A cognitively intact resident with paraplegia and an indwelling catheter reported that an RN became angry when approached about a catheter bag and responded with profane, dismissive language, which was later substantiated as verbal abuse. The resident informed a CMA about the incident that evening, but the CMA did not immediately notify the administrator, honoring the resident’s request to self-report the next morning. The administrator was not informed until the following day and then had the resident complete a grievance form, after which the allegation was faxed to the state agency, resulting in the allegation not being reported within the required 2-hour timeframe.
The facility failed to follow its abuse reporting policy and regulatory requirements after a resident alleged that an LPN punched them in the shoulder, pushed their walker, and later verbally abused and cursed at them, causing fear, shaking, and prolonged crying. Grievances documented the physical and verbal allegations and the resident’s emotional response, but there was no timely response to the grievances. The DON acknowledged not reporting the abuse allegations to the state survey agency or local police within the required 2-hour timeframe and not notifying the state nursing board about the LPN, citing misunderstanding of the reporting timeframes and requirements.
A resident with a history of substance abuse and intact cognition was found in possession of suspected drug paraphernalia after staff observed them handling a small glass pipe with residue. The administrator obtained the item from the resident and disposed of it in the trash, and nursing documentation noted ongoing illicit substance use and reports that the resident provided substances to others despite prior education and revocation of self sign-out privileges. Although facility policy and state law require reporting suspected crimes and drug paraphernalia to law enforcement and the state health department, the DON and administrator acknowledged that no reports were made to either authority.

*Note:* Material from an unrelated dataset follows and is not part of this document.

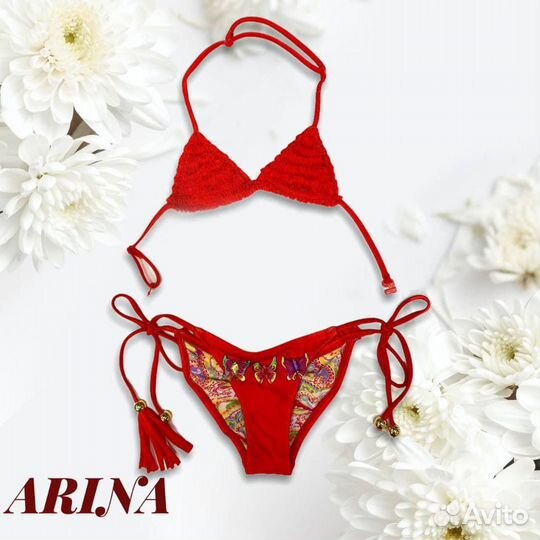 Купальник для девочки новый, раздельный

A cognitively intact resident with schizophrenia twice alleged being beaten by staff, first telling other residents they had bruises on their arms and back, and later calling 911 claiming staff were beating them with whips and chains. An LPN documented each allegation and reported them to leadership, and a police officer and LPN conducted a full body assessment with no bruising noted. Despite a written policy requiring immediate reporting of all suspected abuse to OSDH, the DON and administrator did not report either allegation to state authorities, instead relying on the absence of injuries and the police officer’s findings.

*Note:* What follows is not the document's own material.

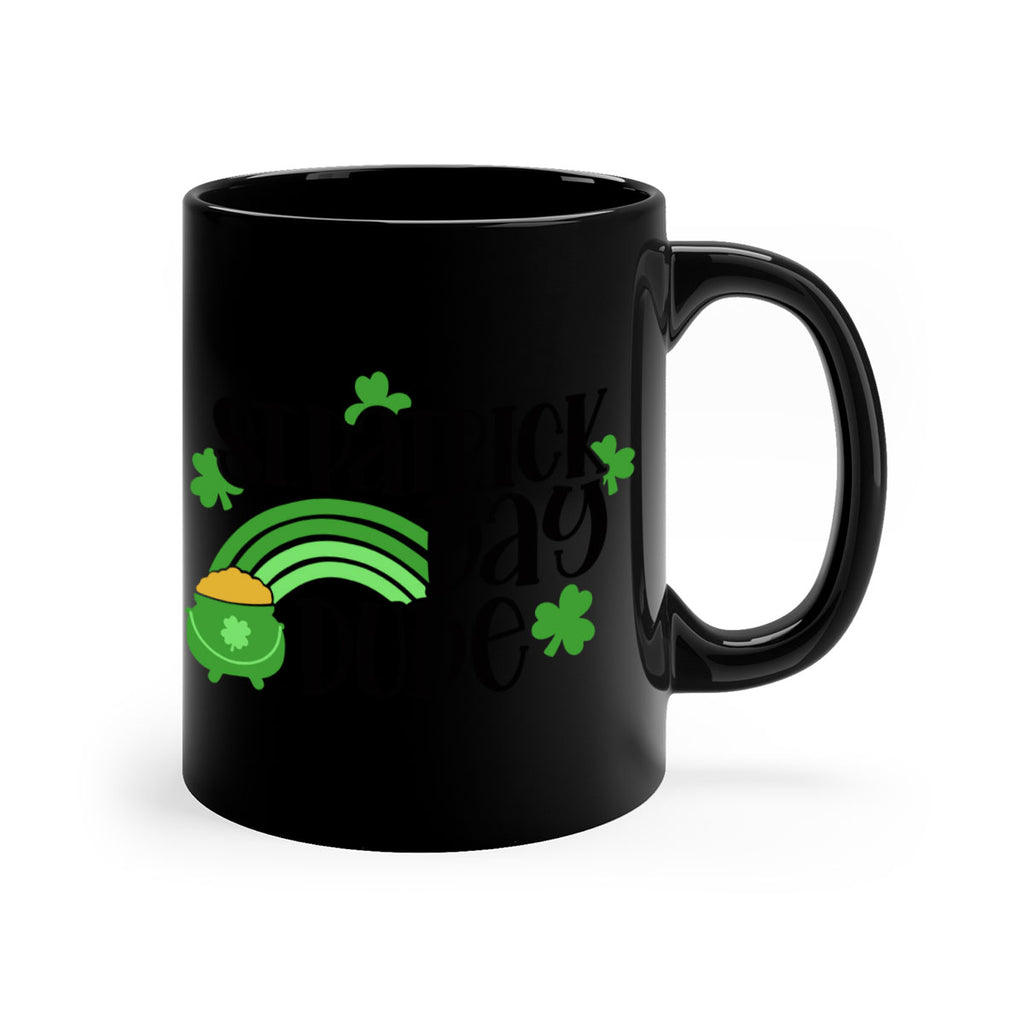 St Patrick Day Dude Style 29#- St Patricks Day-Mug / Coffee Cup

The facility failed to report an allegation of abuse to the state agency within the required 2-hour timeframe after a cognitively intact resident with CHF was found on admission to have bruises on the thighs and near the rib cage. APS arrived to investigate an abuse allegation involving this resident and informed facility staff of the investigation. The Administrator, DON, ADON, and Skilled Nurse Manager met, concluded the bruising was caused by a lift sling and not abuse, and decided not to report the allegation, believing that APS involvement as a state agency meant no separate report to OSDH was required.
A cognitively impaired resident with dementia, dependent on staff for transfers and wheelchair use, was allegedly yanked from a wheelchair and dropped forcefully onto a couch by a CNA after being described as combative with care. A family member and an RN both believed the CNA’s actions were abusive. Although the facility’s abuse policy required immediate reporting of suspected abuse to the Administrator or DON, the RN delayed reporting the allegation until the following morning, resulting in a failure to promptly report the suspected abuse.

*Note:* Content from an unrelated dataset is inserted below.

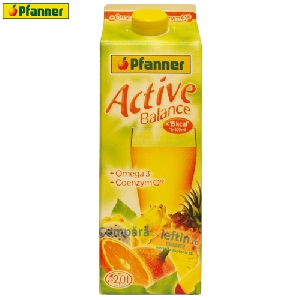 Suc natural Pfanner Active Balance 2 L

The facility failed to follow its F609 abuse reporting policy requiring that allegations of abuse be reported to state and local authorities within two hours. A family member informed staff of an alleged act of abuse involving a resident, but the DON did not notify the administrator until a later staff meeting, and the administrator did not submit reports to the state survey agency and local law enforcement until several days after staff first learned of the allegation. Both the administrator and DON acknowledged in interviews that the allegation should have been reported when staff were initially informed by the family.
The facility failed to report two separate abuse allegations to state authorities within the two-hour timeframe required by its own abuse reporting policy. In one case, a CNA reported to the DON that another CNA had screamed at a resident with severe dementia in the dining room, but the incident was not faxed to the state until the following afternoon. In another case, a resident reported through gestures that their breast had been grabbed by another resident and indicated they slapped the other resident’s hand; although the charge nurse informed the DON and administrator, the allegation was not documented as reported to the abuse coordinator and was not faxed to the state until the next day. The administrator later acknowledged that these abuse allegations were not reported in a timely manner.
A resident with moderate cognitive impairment was transferred to the hospital for increased confusion, hallucinations, and respiratory changes after receiving one-half of a Xanax tablet from a family member, despite having no Xanax order in the EMR or MAR. An LPN learned from the family member that they had given the resident their own Xanax and relayed this to another LPN, who confirmed the incident with the family member and notified ambulance staff. The administrator was informed and discussed the event with the DON and a corporate nurse but decided it was not reportable because the state incident form did not specifically address this type of event, resulting in the failure to report an alleged criminal act involving a controlled substance to state authorities and law enforcement within the required 2-hour timeframe.
An allegation of abuse involving a resident with dementia and behavioral disturbances was not reported to the state agency within the required timeframe. The administrator conducted an internal investigation but decided not to submit an incident report, resulting in a failure to comply with mandatory reporting policies.